September 25, 2024 // Perspective
The Height of God’s Power is Shown Best in His Mercy
This Sunday’s collect prayer happened to strike me as I was looking through the Roman Missal to explore the prayers for Mass. For the 26th Sunday in Ordinary Time, we will pray, “O God, who manifest your almighty power above all by pardoning and showing mercy, bestow, we pray, your grace abundantly upon us and make those hastening to attain your promises heirs to the treasures of heaven.”
Before reflecting on the prayer itself, it is probably helpful to discuss what exactly a collect is in the first place. The collect prayer is the first presidential prayer of the Mass – meaning that it is said by the priest celebrant alone. At the end of the entrance procession, greeting, and penitential rite comes the collect, introduced by the invitation, “Let us pray.”
After this invitation, there should be some silence so that each person can actually pray. The praying that is referenced in the invitation to prayer is not the collect prayer itself but the individual prayers of each person, said silently in the heart. This is the moment in which we can each raise our own intentions to God for the Mass we are celebrating. In older forms of the Roman rite, there would occasionally be the invitation of the deacon to kneel for a brief moment before the collect was said, thus emphasizing the time spent in prayer. This little remnant still exists in some Masses – such as ordination Masses when the deacon invites everyone to kneel for the Litany of Saints. The current instruction says, “All pray in silence for a while.”
It is called the “collect” out of the Gallican tradition of interpreting this prayer as the presidential collection of all the prayers that have been made silently. Thus, it really only makes sense if it is doing that – collecting the prayers made. In the current rite, it is also done from the chair, precisely because it is a kingly action – the action of Christ the King in collecting the prayers of His people and offering them with one voice to the Father through the ministerial priesthood.
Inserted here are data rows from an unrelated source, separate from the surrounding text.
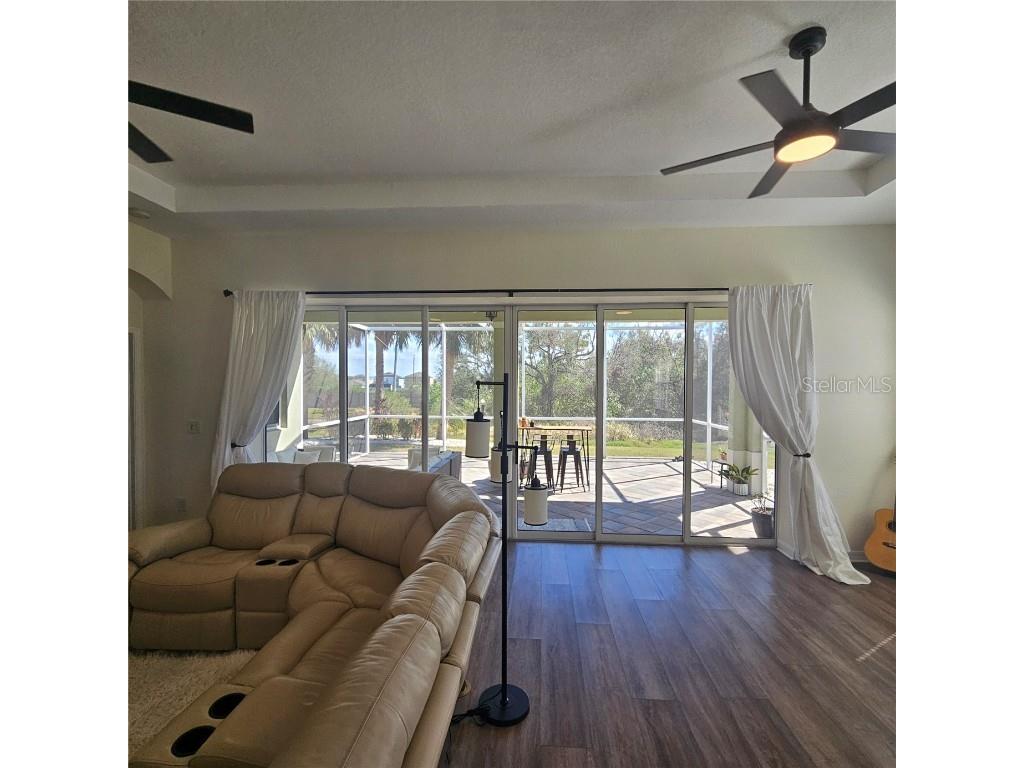 920 Regal Manor Way Sun City Center FL 33573 TB8451238 image7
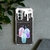 Capa para Moto E20 Personalizada Candy Bubble Tea - comprar online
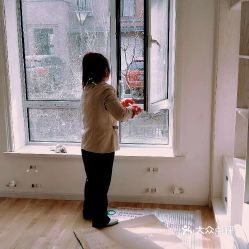 【榮光家政】電話,地址,價格,營業時間(圖) - 大連生活服務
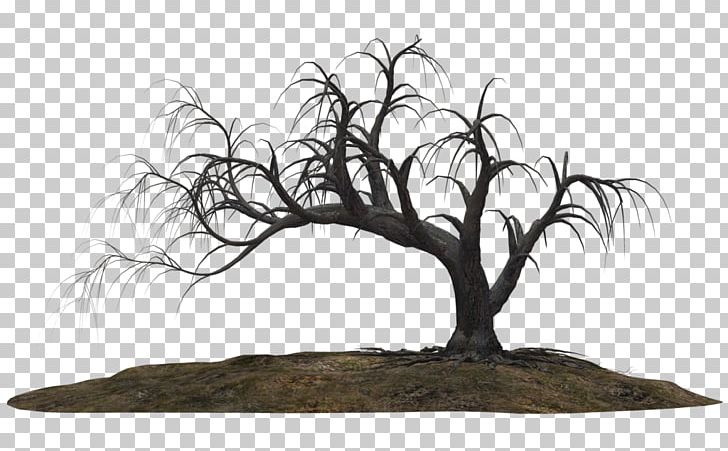 Tree Drawing Painting PNG, Clipart, Art, Black And White, Bonsai, Branch, Clip Art Free PNG Download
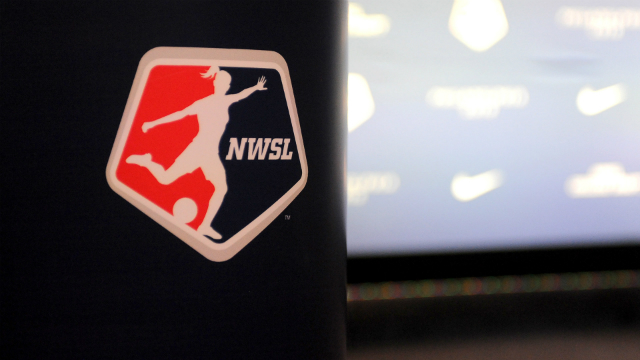 2019 NWSL College Draft Results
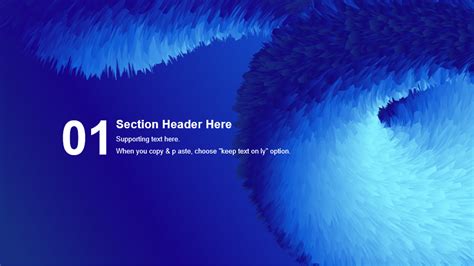 Ai PPT 封面 的图像结果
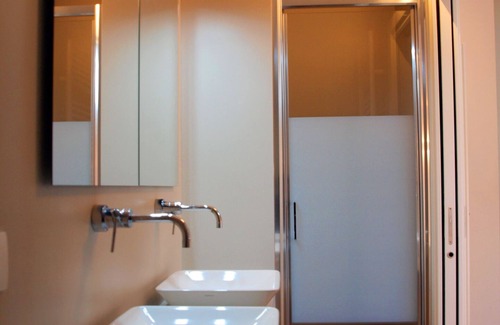 L'antico Ghetto Ebraico Casa | Acquaderni Rooms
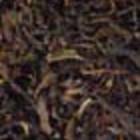 Momoko Moon from Lindsay's Teas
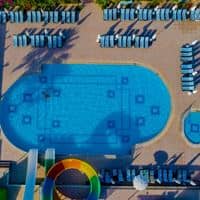 Piscine preview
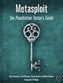 Metasploit
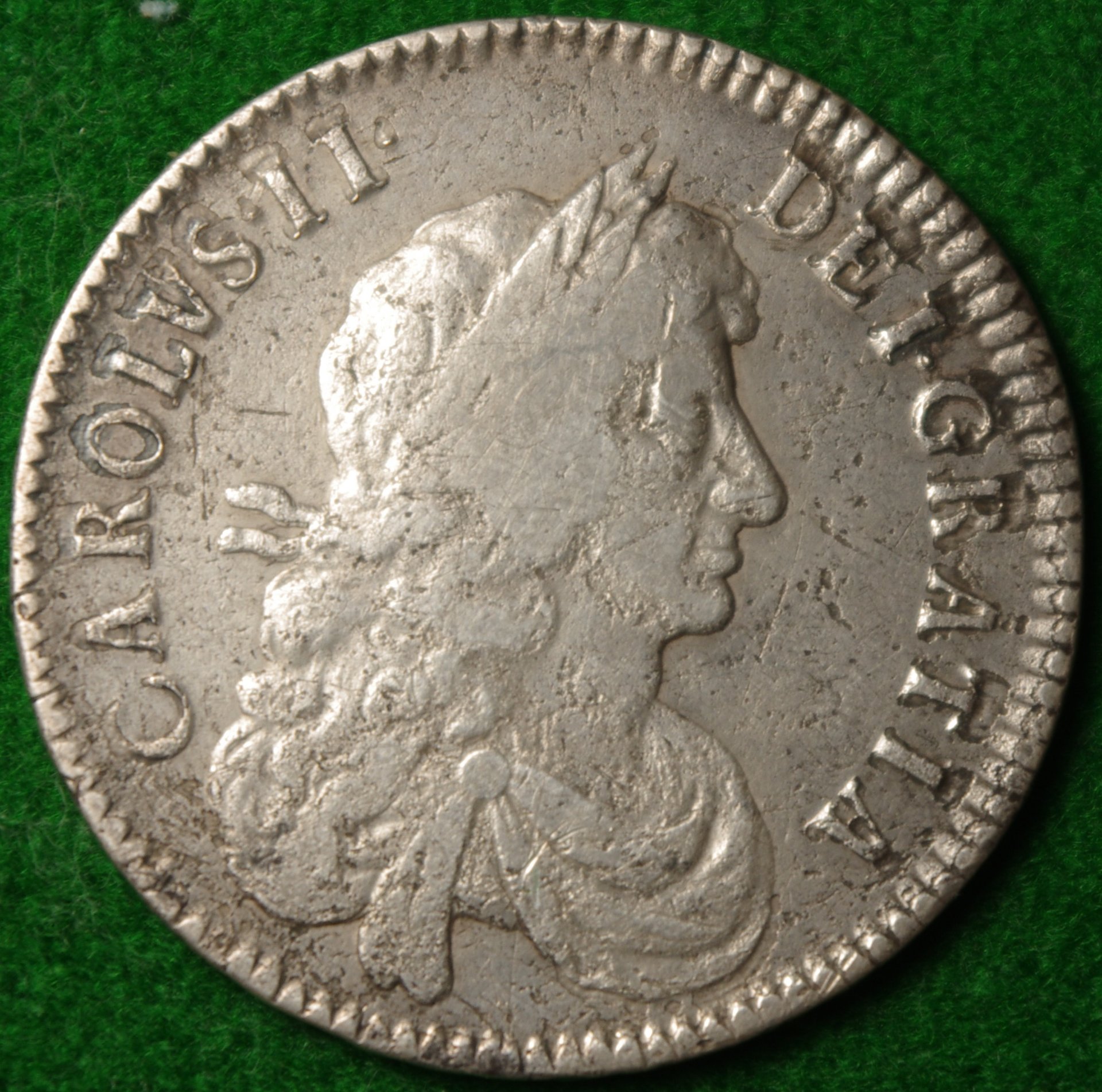 1670 HC 2.JPG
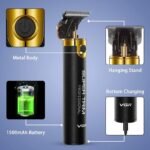 0000465 v 082 electric cordless hair clipper 800.jpg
I know for me, even as a priest, it can be easy to not focus on this beautiful moment of unity as the assembly of the Church comes from the many into the one voice of Christ’s great prayer. That short moment of silence is the proper time to focus, to raise our private intentions to God, and to let them be united into the single prayer offered by Christ to the Father through the rest of the Mass.
The classic structure of the Roman collect prayer is: address to God, a description, a petition, and a doxology (words of praise). What is particularly striking about the collect of the 26th Sunday in Ordinary Time (at least for me) is the description: “Who manifest your almighty power above all by pardoning and showing mercy.”
This descriptive prayer affirms God’s almighty power – shown best not in His sovereign reign over the natural wonders, not in His creative power of making something from nothing, not in His sustaining presence in creation which gives it life and breath – is shown above all in His ability to pardon and show mercy. How bold. How striking.
This same description is affirmed in the Catechism of the Catholic Church: “God is the Father Almighty, whose fatherhood and power shed light on one another: God reveals His fatherly omnipotence by the way He takes care of our needs; by the filial adoption that He gives us (‘I will be a father to you, and you shall be my sons and daughters, says the Lord Almighty.’): finally by His infinite mercy, for He displays His power at its height by freely forgiving sins.”
Thus, we can see that what the collect is reminding us of this Sunday is that God’s power is manifest above all in His mercy for our offenses (which are numerous) and that we can participate in His showing of this power when we both receive and give God’s mercy. The victory of the cross of Jesus in the Sacraments of Baptism and Confession are manifestations of this almighty power of God. And so it is, too, when we live the petition of the Our Father “Forgive us our trespasses (or debts) as we forgive those who trespass (or who are indebted) against us.”
Realizing the power of God to forgive us in a complete manner only He can accomplish compels us to live that with others – with the confidence of resting in God’s forgiveness for us so that we are free to forgive others. Thus, perhaps a good practice for this Sunday would be to bring to God – in the silence of the “let us pray” – that person whom we struggle to forgive (even if it is ourselves), so that God’s power may be manifest, even in a small way, in His pardoning and showing mercy worked in us.
Father Mark Hellinger is parochial vicar at St. John the Baptist Catholic Church in Fort Wayne.